- **Task inputs**
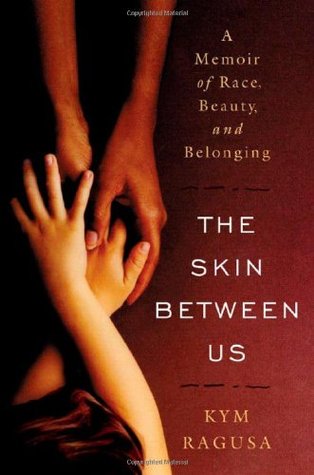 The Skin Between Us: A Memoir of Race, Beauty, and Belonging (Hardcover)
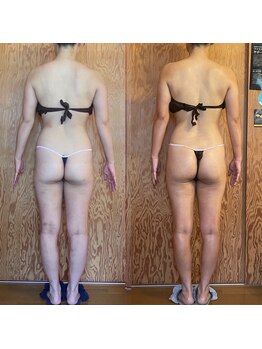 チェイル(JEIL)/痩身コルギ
==
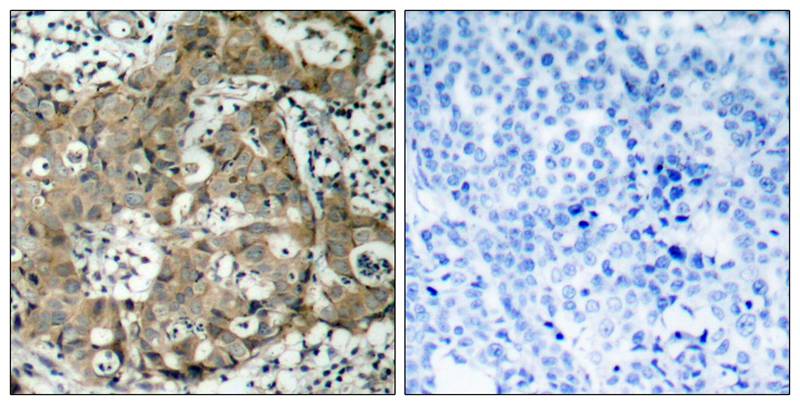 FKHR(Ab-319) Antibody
---
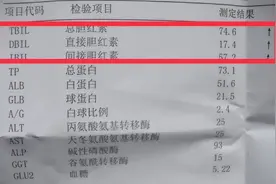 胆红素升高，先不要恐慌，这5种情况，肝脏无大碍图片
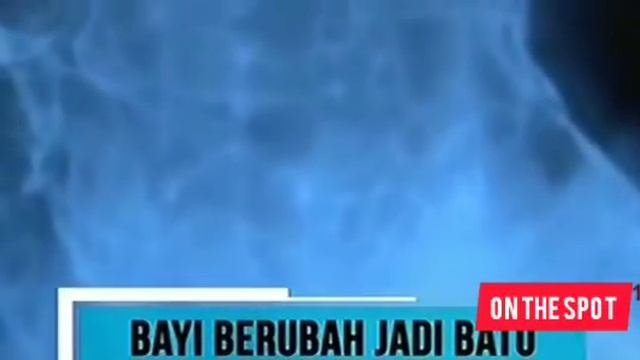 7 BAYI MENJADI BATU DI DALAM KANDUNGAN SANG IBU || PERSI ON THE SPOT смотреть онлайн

- **Task to carry out**
Range to copy from the listing above: the line containing "The Skin Between" down to the line containing "チェイル(JEIL)/痩身コルギ", both included. Reproduce it exactly, minus the pictures, and add nothing.

- **Your solution**
 The Skin Between Us: A Memoir of Race, Beauty, and Belonging (Hardcover)
 チェイル(JEIL)/痩身コルギ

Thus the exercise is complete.